Suppose I have a string in R,
mystring = 'help me'
but with a twist: The space between 'help' and 'me' is actually a non-breaking space. Non-breaking space is stored in R as <c2 a0>, so this string can be created by
mystring = rawToChar(as.raw(as.hexmode(c('68','65','6c','70','c2','a0','6d','65'))))
Then, for example, grepl('help me', mystring) will be FALSE
how can I replace the non-breaking space with a regular space? And in general, replace any particular raw value(s) with a particular character? Ideally I will be able to make a function like
gsubRaw('mystring',as.raw(as.hexmode(c(('c2','a0'))), ' ')

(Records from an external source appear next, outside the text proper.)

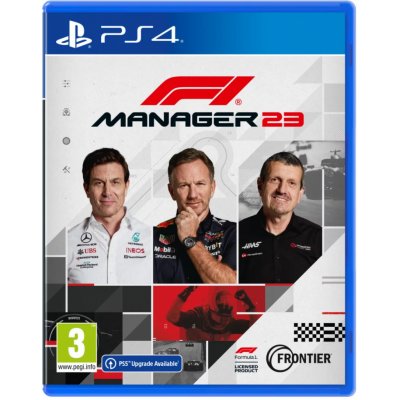 F1 Manager 23 – Zboží Mobilmania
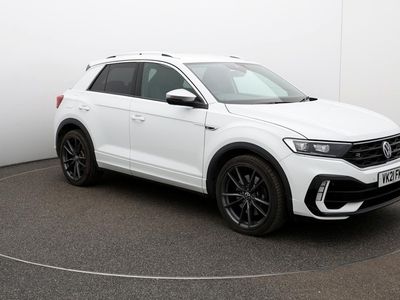 VW T-Roc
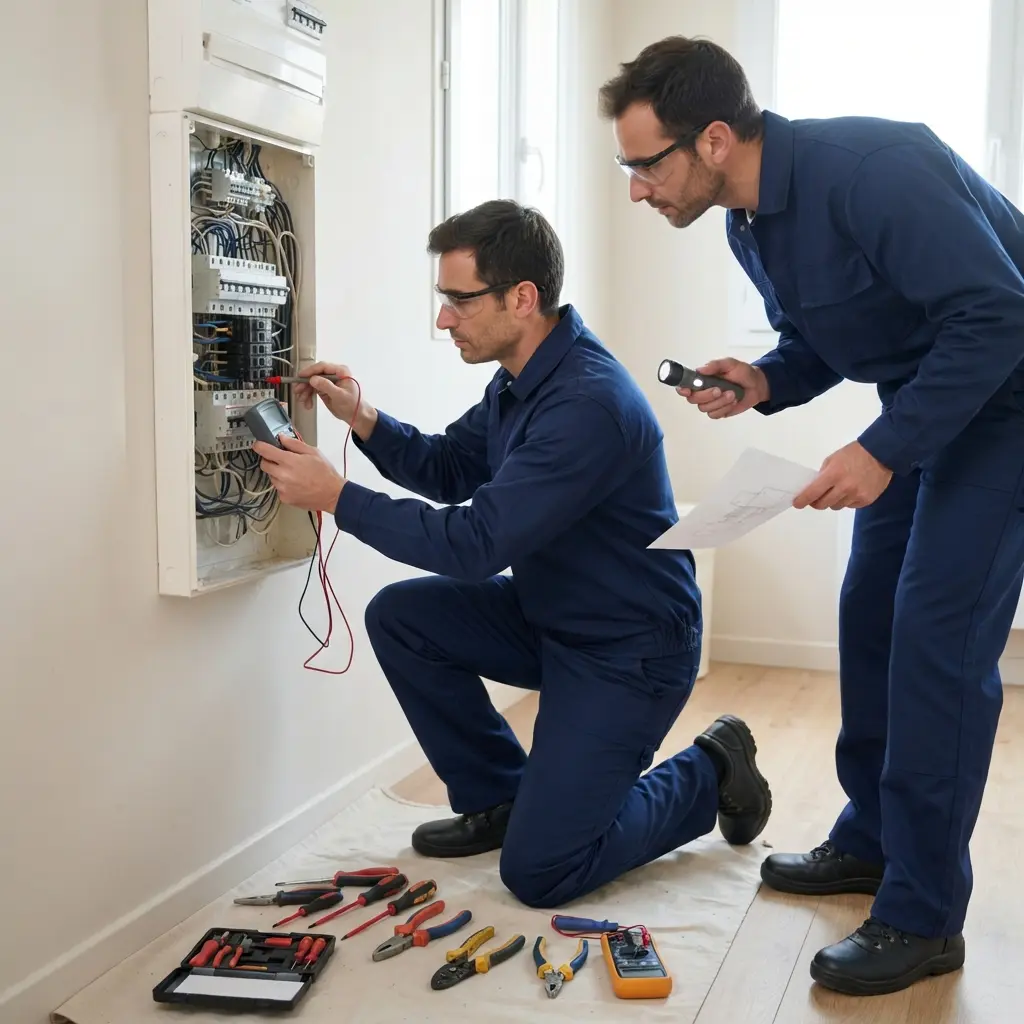 Les gestes essentiels pour prévenir les risques électriques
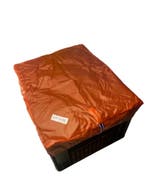 Hooodie Fietskrat Hoes Kratcover Medium Oranje, Verzenden, Nieuw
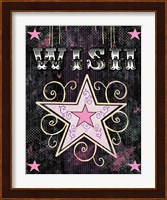 Star - Wish Fine Art Print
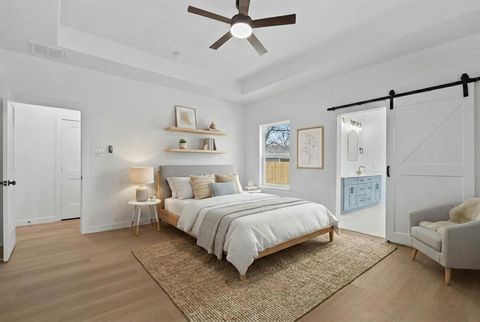 Tiny photo for 4151 Odessa Street, Dallas, TX 75212 (MLS # 21195995)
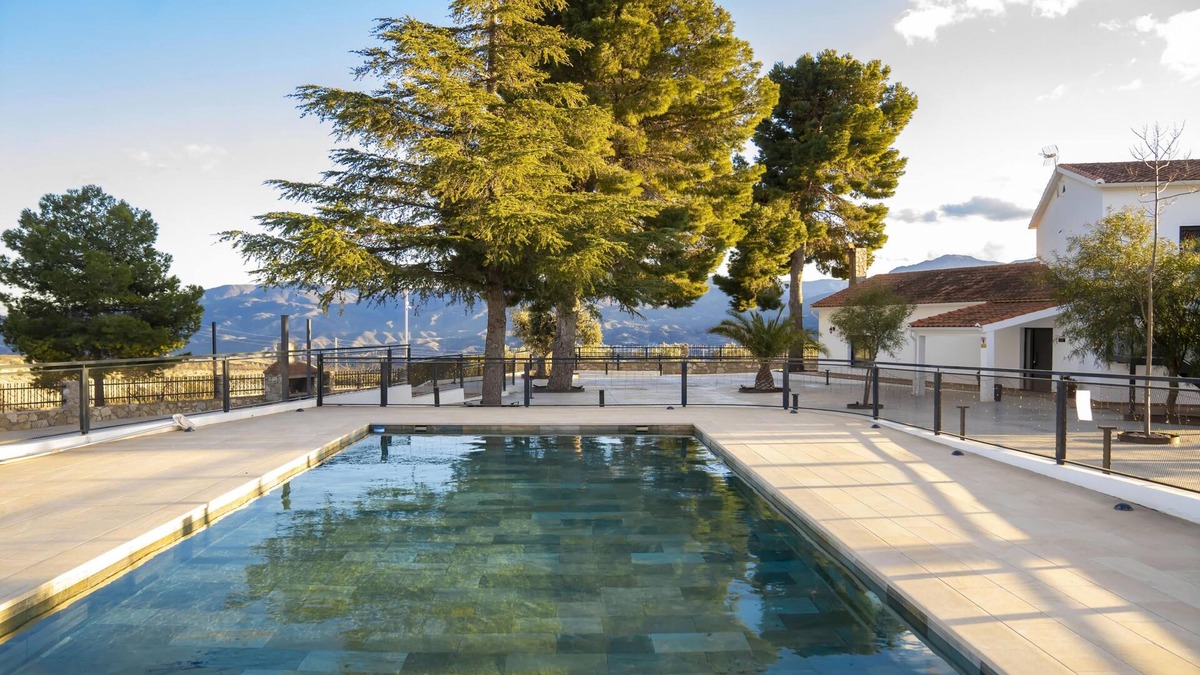 Lucar House | El Refugio de El Espilo in Almería (Andalusia)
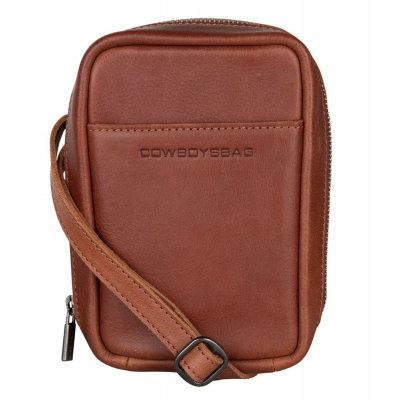 Foto van Cowboysbag Raw Bag Pierce 3022 Cognac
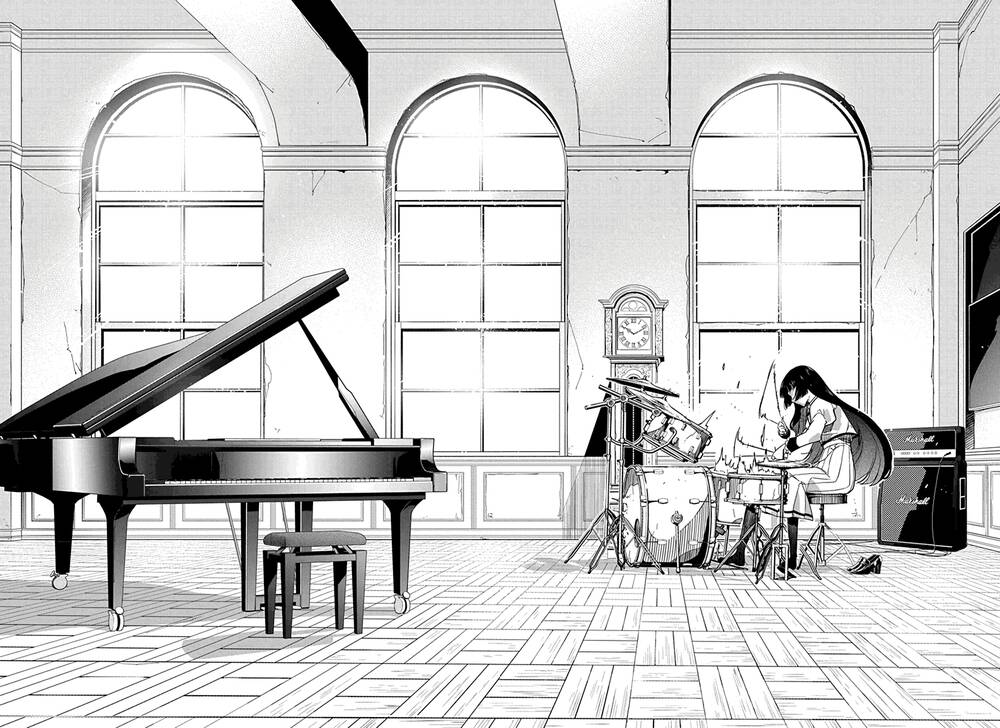 Rock Là Thú Vui Tao Nhã Của Quý Cô: Chapter 1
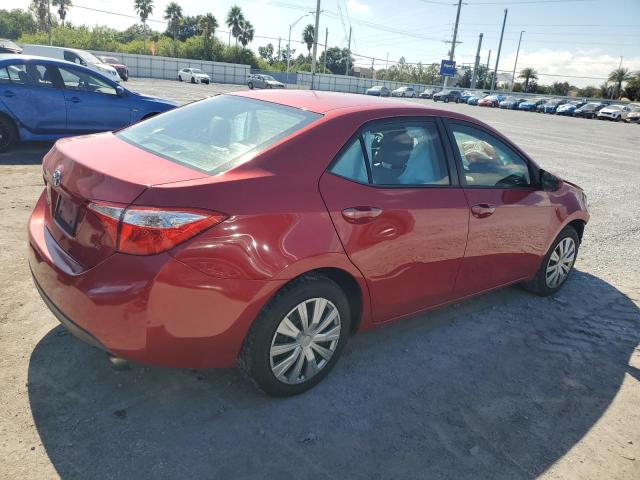 Photo 3 from auction – 2015 TOYOTA COROLLA L with VIN 2T1BURHE7FC351200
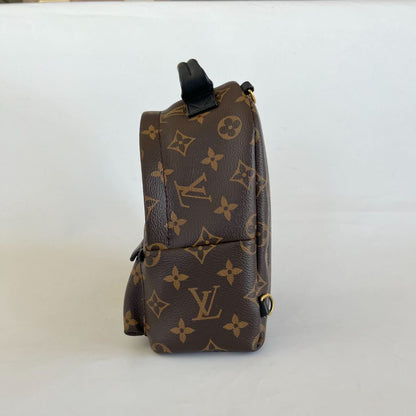 Louis Vuitton Palm Springs Mini Backbag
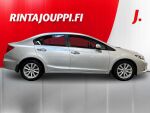 Honda Civic 2012 Harmaa
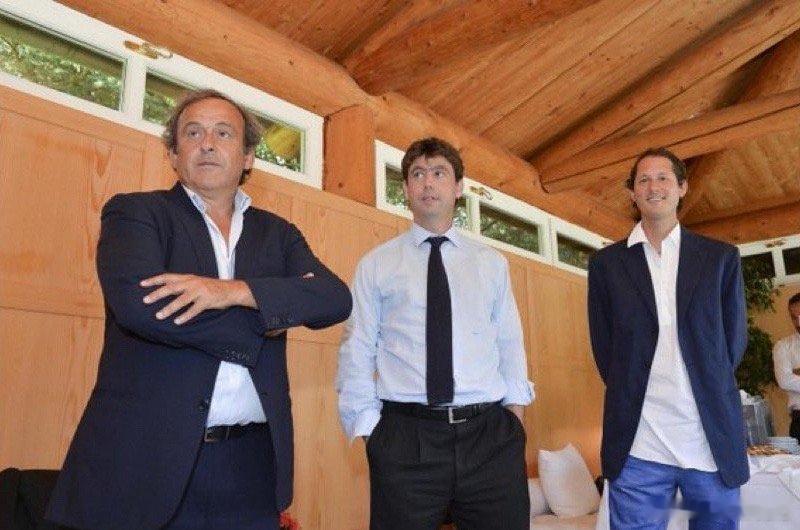 FrancescoMariaOppini：约翰·埃尔坎正在尝试睡服普拉蒂尼重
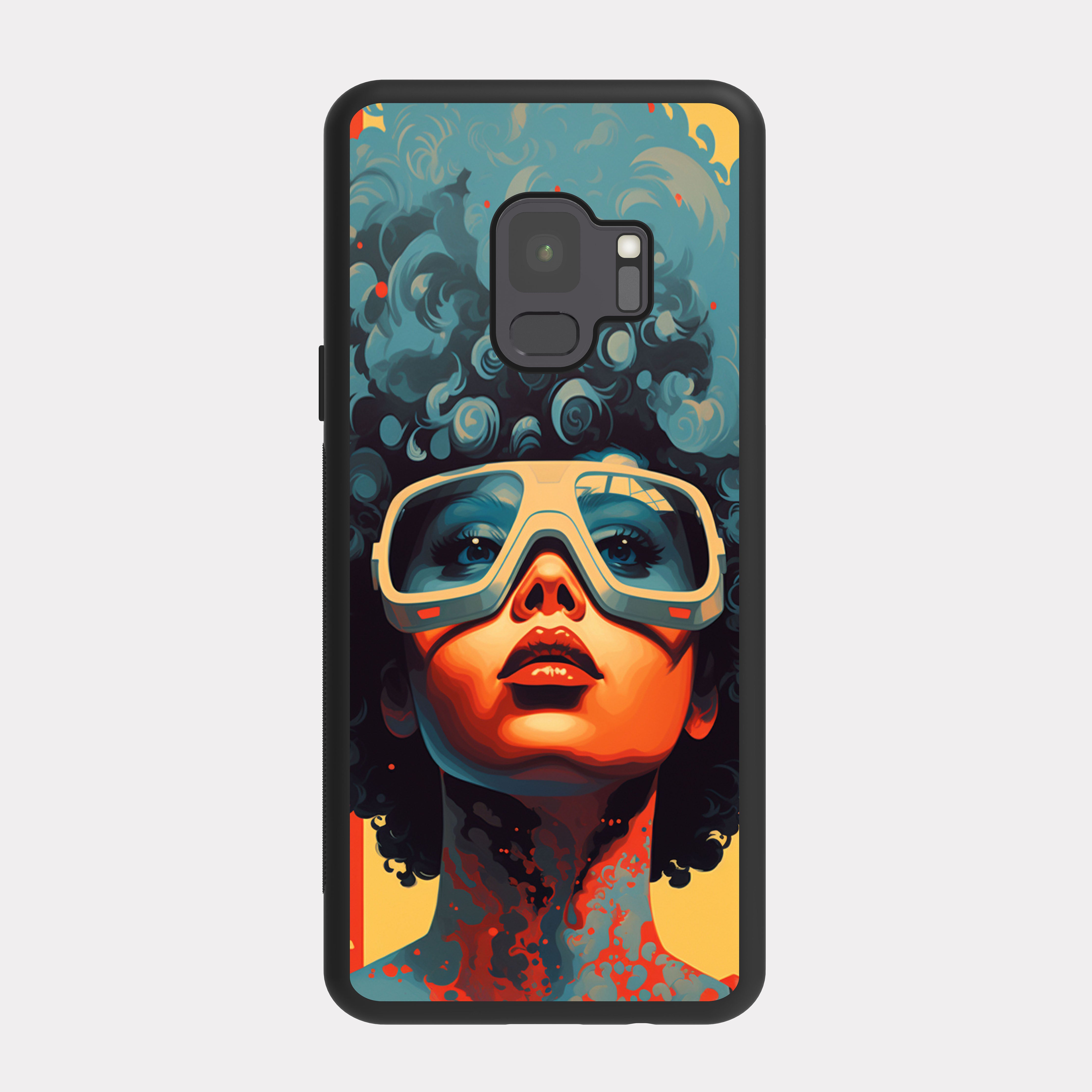 Samsung Galaxy S9 case cover Special Multicolour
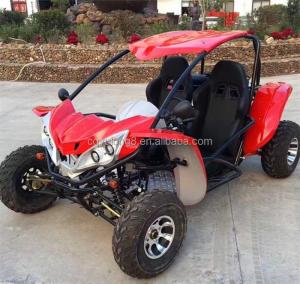 300cc 4x4 Dune Buggy Side by Side UTV 2 Seat Gas Powered Go Kart with EPA Certificate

This answer almost answers my question, except that I don't want to replace ALL non-ascii characters with a space, only the non breaking space.
grepRaw() also came close, because it can detect the position in the string that the raw characters occur and they can then be replaced. However, it didn't work cleanly: sometimes the position in the string that grepRaw() returned wasn't the same as the position of the non-breaking space in the string-as-plain-text, and I don't know how to replace the raw values themselves.
From comments on my answer to the other question we can do this by using the fact that the non-breaking space is \xc2\xa0
(at least in R 4.3.1 on Windows)
mystring = rawToChar(as.raw(as.hexmode(c('68','65','6c','70','c2','a0','6d','65'))))
grepl('help me', mystring)
#> [1] FALSE
tools::showNonASCII(mystring)
#> 1: help<c2><a0>me
identical('help\xc2\xa0me', mystring)
#> [1] TRUE
mynewstring = gsub('\xc2\xa0+', ' ', mystring)
grepl('help me', mynewstring)
#> [1] TRUE
tools::showNonASCII(mynewstring)
Created on 2023-07-05 with reprex v2.0.2